The investigators will recruit 75 glaucoma patients, and 75 normally sighted controls aged 21 to 80 from the Johns Hopkins Wilmer Eye Institute to have 60 subjects in each group who pass initial entry screening and 50 in each group completing all study procedures. Glaucoma subjects will be diagnosed with primary open-angle glaucoma based on clinical exams, Optical coherence tomography (OCT) imaging, and VF testing. Evidence of glaucoma should be present in both eyes, with one eye demonstrating a mean deviation (MD) between -5 and -15 decibel (dB). Controls will be recruited from home cohabitants (spouses/partners) of patients visiting the Wilmer Eye Institute, patients seen for routine eye care (general eye exam, refraction), and, if necessary, community volunteers. Controls will be required to have normal visual acuity (VA) (20/40 or better) and contrast sensitivity (logCS>1.50) in each eye and no self-reported ocular conditions other than mild cataract, dry eye, refractive error, or other non-visually significant conditions (ocular allergies, pinguecula, etc.).

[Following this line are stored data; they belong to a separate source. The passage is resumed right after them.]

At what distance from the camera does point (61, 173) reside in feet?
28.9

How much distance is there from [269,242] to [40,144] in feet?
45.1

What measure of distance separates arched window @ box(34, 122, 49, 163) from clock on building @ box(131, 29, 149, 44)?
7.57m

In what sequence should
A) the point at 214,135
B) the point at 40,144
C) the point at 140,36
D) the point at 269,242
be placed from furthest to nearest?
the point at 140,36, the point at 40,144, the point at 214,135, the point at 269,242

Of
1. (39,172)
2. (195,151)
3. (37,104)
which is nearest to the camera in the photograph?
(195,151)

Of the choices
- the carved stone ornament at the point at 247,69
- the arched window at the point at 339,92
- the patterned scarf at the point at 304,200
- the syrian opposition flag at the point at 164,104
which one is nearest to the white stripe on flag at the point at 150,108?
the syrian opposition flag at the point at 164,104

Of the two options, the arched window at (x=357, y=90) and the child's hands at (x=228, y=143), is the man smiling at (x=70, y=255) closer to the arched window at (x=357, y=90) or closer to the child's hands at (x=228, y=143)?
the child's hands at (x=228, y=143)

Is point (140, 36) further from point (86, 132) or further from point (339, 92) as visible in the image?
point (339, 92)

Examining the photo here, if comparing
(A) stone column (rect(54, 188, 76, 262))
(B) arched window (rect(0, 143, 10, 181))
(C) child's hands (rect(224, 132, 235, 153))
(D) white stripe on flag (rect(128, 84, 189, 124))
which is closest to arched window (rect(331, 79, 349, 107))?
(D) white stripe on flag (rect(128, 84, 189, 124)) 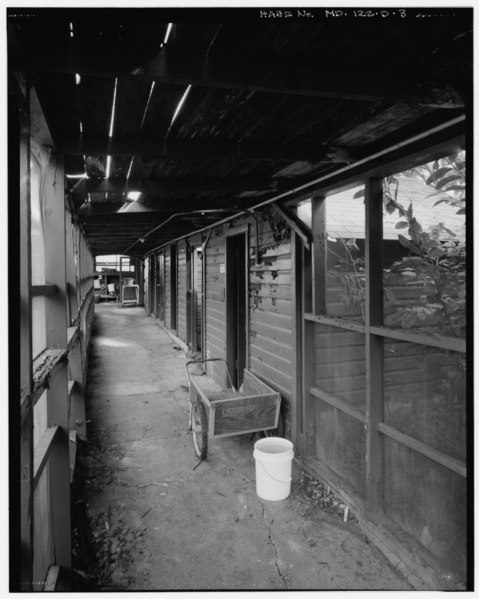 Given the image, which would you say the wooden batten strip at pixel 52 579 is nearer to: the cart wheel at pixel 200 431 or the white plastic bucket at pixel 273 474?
the white plastic bucket at pixel 273 474

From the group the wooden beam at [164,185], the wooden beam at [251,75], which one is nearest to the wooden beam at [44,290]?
the wooden beam at [251,75]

In both groups, individuals will be excluded with a history of any of the following in either eye: diabetic retinopathy, retinal detachment, uveitis, retinal artery or vein occlusion, central serous retinopathy, amblyopia, or other conditions resulting in a corrected VA worse than 20/40; controls will also be excluded if the participants have a history of glaucoma, suspect glaucoma, or ocular hypertension. Other exclusion criteria are uncontrolled blood pressure Systolic blood pressure (SBP)>160 or Diastolic blood pressure (DBP) >100), incisional surgery (ocular or non-ocular) in the past 6 months, comorbidities making exercise program impossible, cigarette smoking, body mass index (BMI) <18 or >42 kg/m2, or pregnancy. Patients reporting moderate/vigorous activity for more than 90 minutes/week will also be ineligible. Suitability for exercise will be determined using the Physical Activity Readiness Questionnaire Plus (PARQ+). Study recruitment will occur at the Johns Hopkins Wilmer Eye Institute, either the East Baltimore campus clinic, or 2 of the busiest satellite clinics - Green Spring Station and Columbia, located 12 and 24 miles from the East Baltimore campus. At least 3 of the 6 study visits will occur at the Wilmer Eye Institute East Baltimore Campus, where the Optical coherence tomography angiography (OCT-A) and visible light optical coherence tomography (Vis OCT) machines are located. The remaining study visits can be conducted at the Columbia or Green Spring Station clinics if more convenient for the patient. The exercise intervention will occur remotely over Zoom, with the exercise physiologist located in the participant's home or office and the study participant located in the participant's home.